GIVEN INFORMATION START

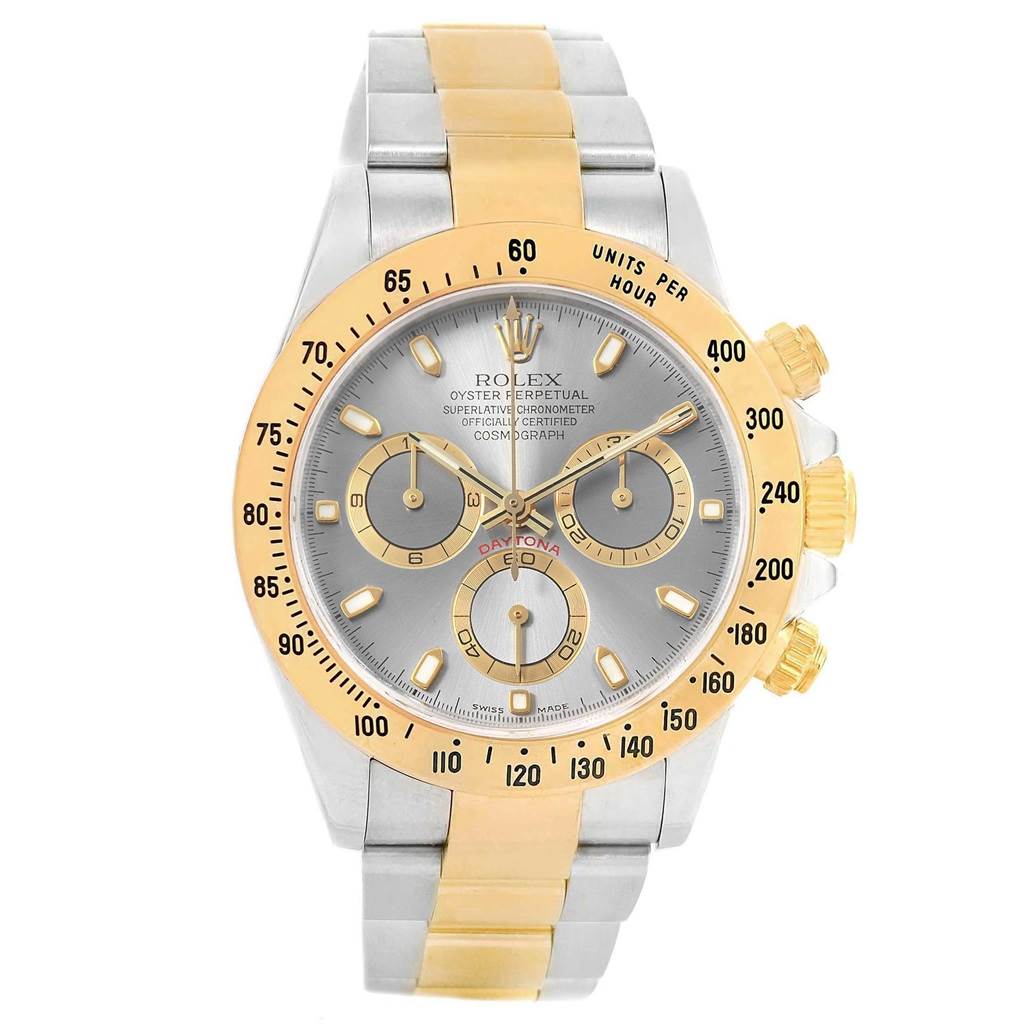The image shows a front view of a Rolex Daytona 116523 Men's Steel and Gold (two tone) Grey Dial 116523 Men's Steel and Gold (two tone) Grey Dial watch, featuring its bezel, dial, hands, subdials, and two-tone bracelet.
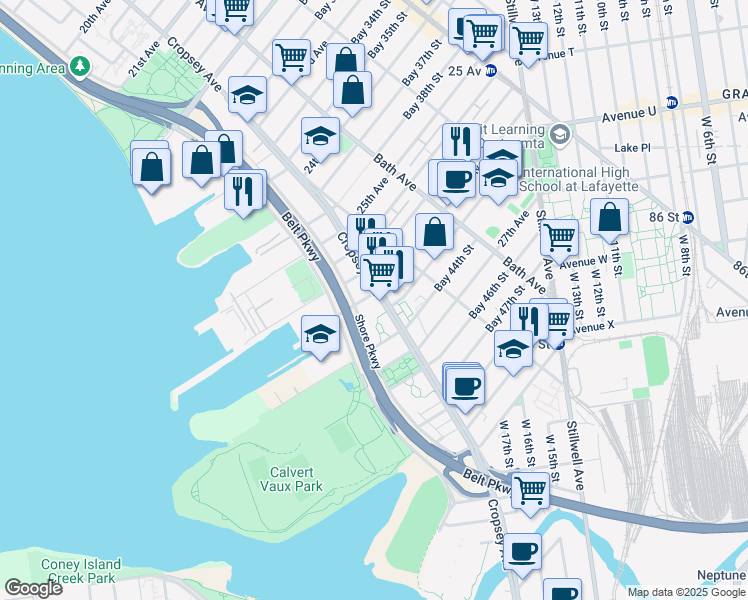 map of restaurants, bars, coffee shops, grocery stores, and more near in Brooklyn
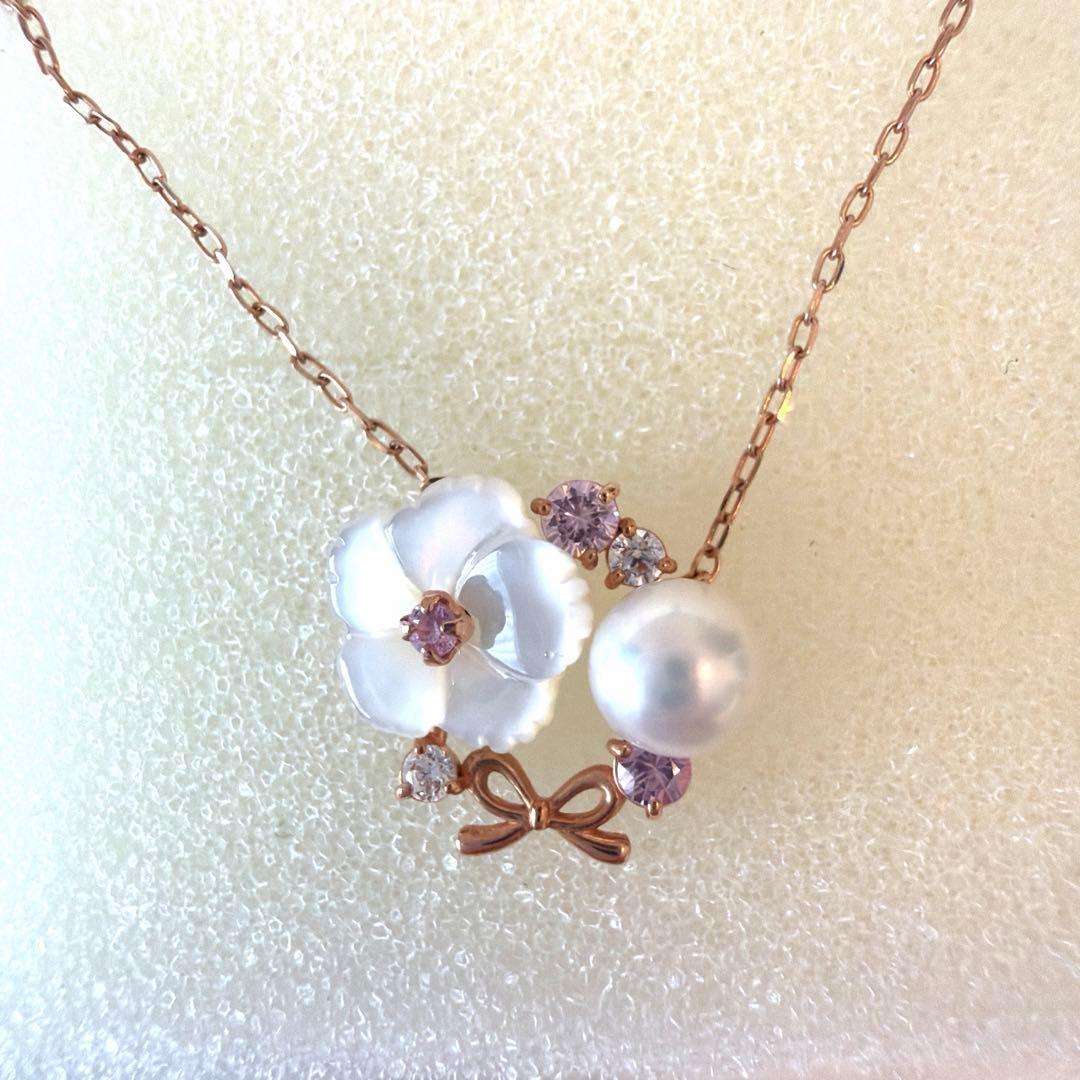 BLOOM♡K10ピンクゴールド 撫子モチーフネックレス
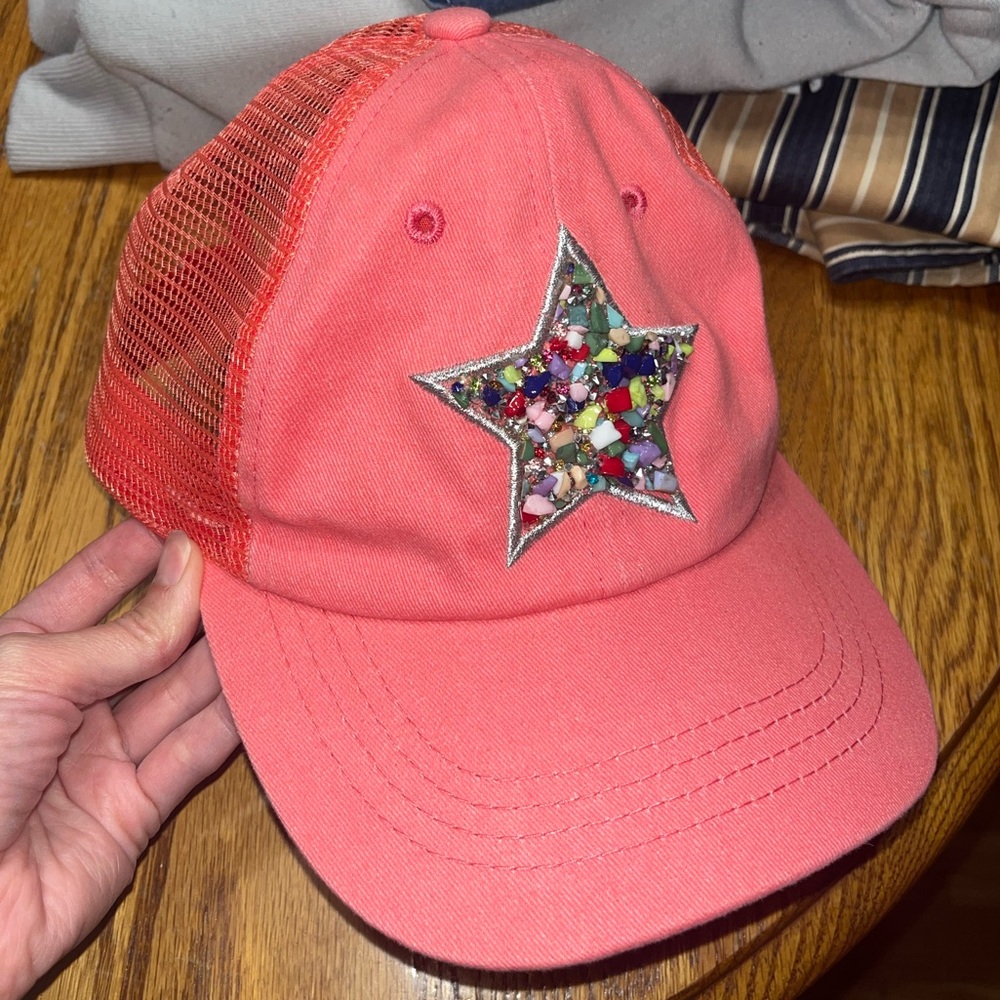 C.c brand pink mesh back adjustable baseball cap with star design on front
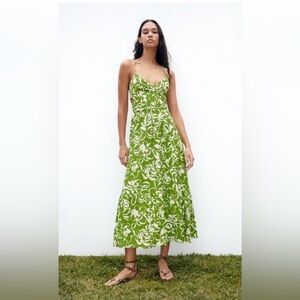 Zara green/ecru cutout dress size Medium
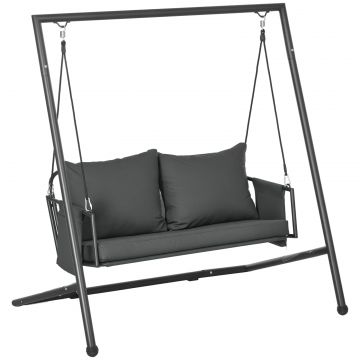 Leagan de Gradina cu 2 Locuri, Perne si Buzunare, Balansoar Exterior din Otel si Textile, 168x117x181 cm, Gri inchis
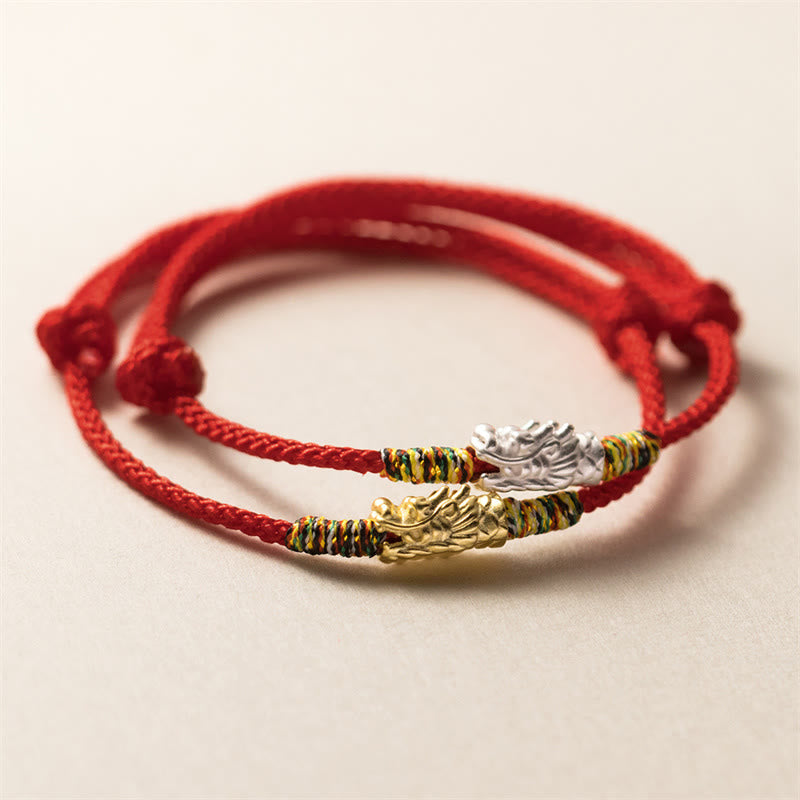 925 Sterling Silver Year of the Dragon Red String Adjustable Bracelet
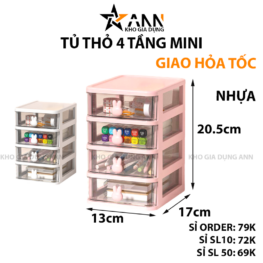 Tủ Nhựa Để Bàn Mini 4 Tầng Có Tay Cầm Thỏ - TN4TMN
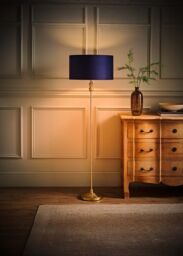 ValueLights Maggie Gold Candlestick Floor Lamp with Velvet Lamp Shade in Navy - thumbnail 2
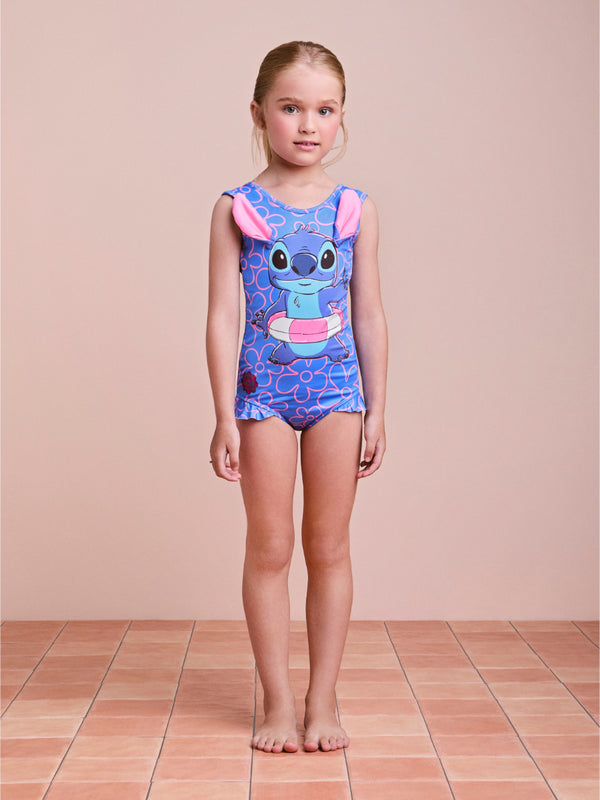 Girls Stitch Ruffled One-Piece Swimsuit with 3D Ears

GIVEN INFORMATION END

__YOUR INSTRUCTIONS__.
Beginning at the line with "BLOOM♡K10ピンクゴールド 撫子モチーフネックレス", reproduce word for word each line through the last line of the records. Include both ends but no pictures.

__EXPECTED OUTPUT__.
 BLOOM♡K10ピンクゴールド 撫子モチーフネックレス
 C.c brand pink mesh back adjustable baseball cap with star design on front
 Zara green/ecru cutout dress size Medium
 Leagan de Gradina cu 2 Locuri, Perne si Buzunare, Balansoar Exterior din Otel si Textile, 168x117x181 cm, Gri inchis
 925 Sterling Silver Year of the Dragon Red String Adjustable Bracelet
 Tủ Nhựa Để Bàn Mini 4 Tầng Có Tay Cầm Thỏ - TN4TMN
 ValueLights Maggie Gold Candlestick Floor Lamp with Velvet Lamp Shade in Navy - thumbnail 2
 Girls Stitch Ruffled One-Piece Swimsuit with 3D Ears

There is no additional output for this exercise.